Menudo golpe de suerte.

– ¿Cuándo, exactamente?

– Dentro de tres días.

– ¿No podría adelantarse a mañana?

– ¡Pero mañana es quince de agosto! ¿Qué le interesa?

Montalbano se lo explicó. Y le dijo también lo que quería.

– Espero conseguirlo para pasado mañana -concluyó Laganà.

* * *

– ¿Dottori? Hay uno que se llama Falli Fardillo que dice que usía lo convicó para esta mañana a las diez.

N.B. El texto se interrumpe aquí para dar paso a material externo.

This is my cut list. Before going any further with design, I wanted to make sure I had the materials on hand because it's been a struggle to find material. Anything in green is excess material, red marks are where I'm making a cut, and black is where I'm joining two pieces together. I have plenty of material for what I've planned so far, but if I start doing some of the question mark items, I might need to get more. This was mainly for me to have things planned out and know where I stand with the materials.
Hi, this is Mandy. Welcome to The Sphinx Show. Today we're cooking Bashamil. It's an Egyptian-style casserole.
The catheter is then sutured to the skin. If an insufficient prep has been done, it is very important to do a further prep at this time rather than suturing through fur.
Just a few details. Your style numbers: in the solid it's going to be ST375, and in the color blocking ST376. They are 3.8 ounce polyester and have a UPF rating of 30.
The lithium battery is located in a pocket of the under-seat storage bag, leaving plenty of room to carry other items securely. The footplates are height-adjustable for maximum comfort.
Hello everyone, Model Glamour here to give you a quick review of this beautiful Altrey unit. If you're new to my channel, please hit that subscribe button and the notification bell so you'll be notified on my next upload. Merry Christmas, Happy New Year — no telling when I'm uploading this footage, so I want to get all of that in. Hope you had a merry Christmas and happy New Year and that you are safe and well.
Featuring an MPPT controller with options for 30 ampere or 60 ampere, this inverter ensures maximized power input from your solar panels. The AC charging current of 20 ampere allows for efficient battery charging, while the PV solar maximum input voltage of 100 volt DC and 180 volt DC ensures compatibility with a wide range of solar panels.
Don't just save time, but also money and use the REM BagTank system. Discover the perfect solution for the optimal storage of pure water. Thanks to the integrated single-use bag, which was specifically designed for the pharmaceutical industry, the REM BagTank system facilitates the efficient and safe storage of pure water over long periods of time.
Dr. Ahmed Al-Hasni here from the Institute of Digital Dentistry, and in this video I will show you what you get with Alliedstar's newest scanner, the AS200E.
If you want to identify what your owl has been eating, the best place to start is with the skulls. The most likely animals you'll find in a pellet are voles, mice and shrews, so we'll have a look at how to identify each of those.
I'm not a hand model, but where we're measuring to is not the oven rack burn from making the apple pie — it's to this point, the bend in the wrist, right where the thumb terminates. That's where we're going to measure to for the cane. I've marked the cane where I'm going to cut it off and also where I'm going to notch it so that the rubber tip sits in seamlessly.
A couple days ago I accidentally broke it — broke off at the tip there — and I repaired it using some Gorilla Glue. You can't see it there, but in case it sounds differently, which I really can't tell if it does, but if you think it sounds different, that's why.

– ¿Tú tienes la ficha de la chica asesinada?

– Sí, siñor.

– Tráemela. Después le dices a Fazio que acuda a mi despacho y luego haces pasar a ese señor.

Como cabía esperar, primero Catarella hizo pasar a Dalli Cardillo, después fue por la ficha y, al final, fue a avisar a Fazio.

Dalli Cardillo era un cincuentón rechoncho, con cabello corto sin una sola hebra de plata, moreno de piel y con unos bigotes como los que se llevaban en Turquía en el siglo xix. Estaba nervioso y se veía.

Pero ¿quién no se pone nervioso si lo convocan sin explicaciones en una comisaría? Un momento. ¿Sin explicaciones? ¿Sería posible que Spitaleri no le hubiera dicho aún cómo tenía que comportarse?